Да-да, во снах могу себе представить
Я что угодно, всюду побывать,
Виденья запечатывает память
Такими, как подсунула кровать.
Они объёмны, в меру достоверны,
Я слышу речь и музыку, и свет,
Сияет он то ярко, то неверно,
Но в снах моих нет ощущенья бед.
Бывает, что тревога чуть коснётся,
Как дуновенье ветра, но, тот час
Она то чёрной птицей обернётся,
То прозвучит как чей-то строгий глас,
То расстелиться пожелает гладью
Воды, текущей в вечных берегах,
То разбежится разномастной ратью
Собак и кошек, сгинув впопыхах.
Но всякий раз мой сон предупреждает,
С чем я столкнусь, возможно, наяву.
Моя надежда вновь не оставляет
Меня и с ней я, грешница, живу.
И что реальней — бодрствованье, сон ли, —
И там и здесь — земля и небеса,
Судьба проблем подбрасывает комли
И там и здесь, зовёт на голоса
Из прошлого и в будущее тянет,
Не обещая лёгкого пути,
И разноцветной радугою манит,
Что после бури будет мне светить…
Но я опять на отступленье сбилась,
А надо повесть нашу продолжать.
Ковёр дырявый мчал, иль мне приснилось,
Или несла нас вдаль моя кровать,
Теперь неважно, главное, летели
Мы с Аладдином, только облака
Вокруг пластались, где-то птицы пели,
Да ветры обдували нам бока.
Земля казалась нам такой прекрасной,
Как гением написанный эскиз,
Хоть наше предприятие опасно
Довольно было, мы смотрели вниз.
И вот уже коварного Магриба
Мы видим земли там и, наконец,
Вцепясь друг в друга, стали ждать ушиба,
Чтоб не разбиться сдуру о дворец.
На удивленье приземлились мягко,
Ковёр дырявый тут не подкачал,
Мы лишь зашибли с Аладдином пятки
О камень, что под окнами торчал.
Нам повезло, мы прибыли к полудню,
Колдун сиесту чётко соблюдал.
Он спал, служанка теребила лютню,
Весь двор дремал под шелест опахал…
Будур, увидев нас, от счастья млела,
То плакать принималась, то, смеясь,
На Аладдина радостно глядела
И колдуна «попотчевать» рвалась.
Но мы тихонько к ложу колдунову,
Едва дыша, все трое пробрались…
И вот уж лампа нам досталась снова,
И с джином вновь пути пересеклись.
Он, как ребёнок, радовался встрече,
Колдун его из лампы не пускал
И, говоря: «Тебе здесь делать неча»,
С медведем вместе в лампу затолкал.
Медведь от тесноты страдал немало
И балалайку где-то потерял,
Короче, им нас шибко не хватало…
Но вот колдун проснулся и привстал.
На нас он смотрит в ярости и страхе,
Молчим и мы, но тут медведь взревел…
Мы не виновны в колдуновом крахе,
Мы скажем просто: отошёл… от дел.
Прощай, Магриб.
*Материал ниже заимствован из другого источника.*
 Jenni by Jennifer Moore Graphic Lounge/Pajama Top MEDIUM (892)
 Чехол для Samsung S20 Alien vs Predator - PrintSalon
Нам было не до шуток,
Но всё теперь осталось позади…
Султан и Аладдин набили уток,
И я, как верный старый паладин,
На пир осталась. Джинн с медведем пели,
Обнявшись, из «Хованщины» с «Садко»,
И факелы на золоте горели,
И гибким экзотическим ростком
Будур вокруг отца и Аладдина
Вилась, от счастья рдея, чуть дыша,
А я на эту дивную картину
Смотрела и совела, хороша.
Среди друзей и перебрать не страшно,
Тем более, возможно, это сон.
По лестнице я поднялась на башню,
Где ветер исторгал великий стон,
Где звёзды плыли августовской ночи…
Прошло полгода по земным часам.
Что завтра мне кукушка напророчит,
И будет окончанье чудесам, —
Не знаю я. Но сны мои реальны,
Как жизнь, что атом с атомом сплела,
И, как бы ни была она печальна,
Она добра и зла, и… весела.
Она — за гранью и она — на грани,
За ней угнаться можно, но зачем?
Я, будто побывав в Левиафане,
Опять ищу на голову проблем,
Когда пытаюсь вылезти на волю
Из чрева ночи, словно этот мрак
Когда-то мне накликал злую долю,
И из него не выбраться никак.
Спешить не стану, хоть осталось мало
Вина в стакане, жизни и любви…
По крайней мере, здесь я не скучала,
Переживая новости в крови.
Мой Аладдин с его волшебной лампой
Мне осветил немного этот путь,
Где всё — рутина, суетность и штампы.
Теперь бы только лампу не задуть!
Вне этой башни из слоновой кости
Всё только сон, сомнения и страх…
Крещендо ночи, разгулялись гости,
А мне пора домой, увы и ах.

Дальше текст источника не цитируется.